→ **TASK PROMPT**
Search the records for the string "Black" and copy every line in which it appears.

^^^^

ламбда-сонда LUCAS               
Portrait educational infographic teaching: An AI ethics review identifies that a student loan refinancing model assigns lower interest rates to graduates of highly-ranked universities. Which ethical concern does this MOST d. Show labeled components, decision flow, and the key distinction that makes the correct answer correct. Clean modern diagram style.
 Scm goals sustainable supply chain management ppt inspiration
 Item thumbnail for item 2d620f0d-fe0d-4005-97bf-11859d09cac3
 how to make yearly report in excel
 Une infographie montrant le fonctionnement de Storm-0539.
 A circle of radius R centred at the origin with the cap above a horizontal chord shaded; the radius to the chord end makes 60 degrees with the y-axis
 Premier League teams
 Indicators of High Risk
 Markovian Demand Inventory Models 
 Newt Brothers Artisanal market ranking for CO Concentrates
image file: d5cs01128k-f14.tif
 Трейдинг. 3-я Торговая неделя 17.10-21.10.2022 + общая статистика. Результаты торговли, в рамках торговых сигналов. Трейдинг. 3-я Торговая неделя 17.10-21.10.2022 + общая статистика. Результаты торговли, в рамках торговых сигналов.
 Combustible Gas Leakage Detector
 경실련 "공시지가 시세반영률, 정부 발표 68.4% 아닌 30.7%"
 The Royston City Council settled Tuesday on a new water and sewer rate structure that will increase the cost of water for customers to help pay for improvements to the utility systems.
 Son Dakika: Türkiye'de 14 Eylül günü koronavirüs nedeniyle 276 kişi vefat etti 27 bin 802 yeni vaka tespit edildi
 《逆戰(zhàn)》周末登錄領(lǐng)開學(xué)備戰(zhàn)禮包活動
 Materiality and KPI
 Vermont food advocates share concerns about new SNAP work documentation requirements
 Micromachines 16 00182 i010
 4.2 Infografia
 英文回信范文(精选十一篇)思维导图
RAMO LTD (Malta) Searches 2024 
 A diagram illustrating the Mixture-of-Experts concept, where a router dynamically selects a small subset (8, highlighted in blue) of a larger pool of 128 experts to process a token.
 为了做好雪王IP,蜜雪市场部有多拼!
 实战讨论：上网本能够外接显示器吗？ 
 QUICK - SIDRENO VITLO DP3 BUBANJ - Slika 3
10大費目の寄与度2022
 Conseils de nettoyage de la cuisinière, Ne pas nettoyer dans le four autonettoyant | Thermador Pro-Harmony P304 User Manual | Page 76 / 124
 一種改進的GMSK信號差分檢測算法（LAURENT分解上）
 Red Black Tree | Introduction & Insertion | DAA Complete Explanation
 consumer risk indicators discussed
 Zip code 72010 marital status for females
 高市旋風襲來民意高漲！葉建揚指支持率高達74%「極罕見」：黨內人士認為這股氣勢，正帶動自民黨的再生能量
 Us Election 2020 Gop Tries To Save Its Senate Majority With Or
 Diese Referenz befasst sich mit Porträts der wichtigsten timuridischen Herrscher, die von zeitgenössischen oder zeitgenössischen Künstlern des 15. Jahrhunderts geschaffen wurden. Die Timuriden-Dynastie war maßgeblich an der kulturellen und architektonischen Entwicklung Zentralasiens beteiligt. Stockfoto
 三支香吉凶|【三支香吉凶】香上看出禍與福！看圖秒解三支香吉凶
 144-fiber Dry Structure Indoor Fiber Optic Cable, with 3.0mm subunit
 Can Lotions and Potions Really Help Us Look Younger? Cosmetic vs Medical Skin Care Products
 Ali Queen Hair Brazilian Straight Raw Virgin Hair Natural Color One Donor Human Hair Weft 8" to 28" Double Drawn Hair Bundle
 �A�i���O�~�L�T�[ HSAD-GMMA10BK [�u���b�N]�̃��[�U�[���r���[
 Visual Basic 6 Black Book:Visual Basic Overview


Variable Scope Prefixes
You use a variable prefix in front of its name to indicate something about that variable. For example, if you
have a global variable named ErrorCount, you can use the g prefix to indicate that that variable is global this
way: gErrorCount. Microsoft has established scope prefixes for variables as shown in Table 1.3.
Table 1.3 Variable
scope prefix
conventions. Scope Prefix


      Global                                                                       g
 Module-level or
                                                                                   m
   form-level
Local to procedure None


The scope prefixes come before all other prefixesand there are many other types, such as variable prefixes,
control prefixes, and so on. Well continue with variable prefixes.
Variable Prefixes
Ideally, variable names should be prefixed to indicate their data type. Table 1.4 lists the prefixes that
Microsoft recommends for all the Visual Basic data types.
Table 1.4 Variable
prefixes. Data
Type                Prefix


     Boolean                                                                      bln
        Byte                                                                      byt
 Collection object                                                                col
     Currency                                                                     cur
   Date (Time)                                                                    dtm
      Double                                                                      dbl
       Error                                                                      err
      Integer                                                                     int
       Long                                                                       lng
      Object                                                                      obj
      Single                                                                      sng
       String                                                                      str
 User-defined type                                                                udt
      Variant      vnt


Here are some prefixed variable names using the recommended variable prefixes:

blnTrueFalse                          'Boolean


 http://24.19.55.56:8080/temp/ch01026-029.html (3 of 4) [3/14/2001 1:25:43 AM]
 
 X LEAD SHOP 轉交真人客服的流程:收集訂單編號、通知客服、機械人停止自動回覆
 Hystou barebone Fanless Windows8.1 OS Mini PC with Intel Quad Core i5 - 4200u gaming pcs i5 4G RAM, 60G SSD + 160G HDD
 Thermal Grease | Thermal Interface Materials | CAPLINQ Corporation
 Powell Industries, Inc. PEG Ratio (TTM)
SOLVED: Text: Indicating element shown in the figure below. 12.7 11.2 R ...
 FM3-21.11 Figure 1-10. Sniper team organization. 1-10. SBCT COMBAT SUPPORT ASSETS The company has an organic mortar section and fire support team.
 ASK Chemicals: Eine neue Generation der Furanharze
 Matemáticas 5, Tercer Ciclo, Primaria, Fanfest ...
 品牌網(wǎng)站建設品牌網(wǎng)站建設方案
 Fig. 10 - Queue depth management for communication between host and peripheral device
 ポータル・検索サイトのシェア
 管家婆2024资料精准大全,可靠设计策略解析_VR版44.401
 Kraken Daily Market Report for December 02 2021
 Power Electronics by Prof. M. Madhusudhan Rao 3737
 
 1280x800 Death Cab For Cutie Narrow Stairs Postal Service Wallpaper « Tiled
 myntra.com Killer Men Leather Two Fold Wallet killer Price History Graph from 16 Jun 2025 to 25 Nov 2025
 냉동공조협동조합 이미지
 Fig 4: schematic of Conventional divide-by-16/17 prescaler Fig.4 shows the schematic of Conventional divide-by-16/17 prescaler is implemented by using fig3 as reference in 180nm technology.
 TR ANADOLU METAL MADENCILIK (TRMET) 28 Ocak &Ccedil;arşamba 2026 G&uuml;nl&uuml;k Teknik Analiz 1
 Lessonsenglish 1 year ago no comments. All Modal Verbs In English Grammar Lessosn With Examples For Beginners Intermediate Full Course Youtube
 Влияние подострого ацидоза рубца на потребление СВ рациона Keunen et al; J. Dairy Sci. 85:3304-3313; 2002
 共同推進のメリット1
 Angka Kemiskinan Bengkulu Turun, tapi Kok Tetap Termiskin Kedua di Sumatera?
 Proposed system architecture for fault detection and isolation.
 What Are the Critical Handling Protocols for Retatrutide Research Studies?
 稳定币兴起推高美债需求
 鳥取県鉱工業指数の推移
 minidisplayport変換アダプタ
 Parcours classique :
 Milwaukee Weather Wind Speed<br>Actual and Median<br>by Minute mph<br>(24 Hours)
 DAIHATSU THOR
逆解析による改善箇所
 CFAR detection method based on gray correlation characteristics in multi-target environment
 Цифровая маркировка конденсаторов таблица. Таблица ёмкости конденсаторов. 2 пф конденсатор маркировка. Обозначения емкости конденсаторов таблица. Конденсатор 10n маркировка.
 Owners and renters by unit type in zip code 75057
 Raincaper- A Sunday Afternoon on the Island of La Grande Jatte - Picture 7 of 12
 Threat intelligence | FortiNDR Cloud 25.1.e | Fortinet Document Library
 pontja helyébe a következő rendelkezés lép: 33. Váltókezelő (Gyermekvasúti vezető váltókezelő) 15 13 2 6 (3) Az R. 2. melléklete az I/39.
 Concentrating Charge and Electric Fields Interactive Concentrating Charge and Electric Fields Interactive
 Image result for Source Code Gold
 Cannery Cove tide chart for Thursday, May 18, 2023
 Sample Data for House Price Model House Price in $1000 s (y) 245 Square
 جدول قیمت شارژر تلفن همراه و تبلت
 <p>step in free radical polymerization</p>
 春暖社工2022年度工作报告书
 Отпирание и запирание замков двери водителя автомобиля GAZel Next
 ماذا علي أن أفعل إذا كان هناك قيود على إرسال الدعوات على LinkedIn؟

^^^^

→ **EXERCISE SOLUTION**
 Red Black Tree | Introduction & Insertion | DAA Complete Explanation
 Visual Basic 6 Black Book:Visual Basic Overview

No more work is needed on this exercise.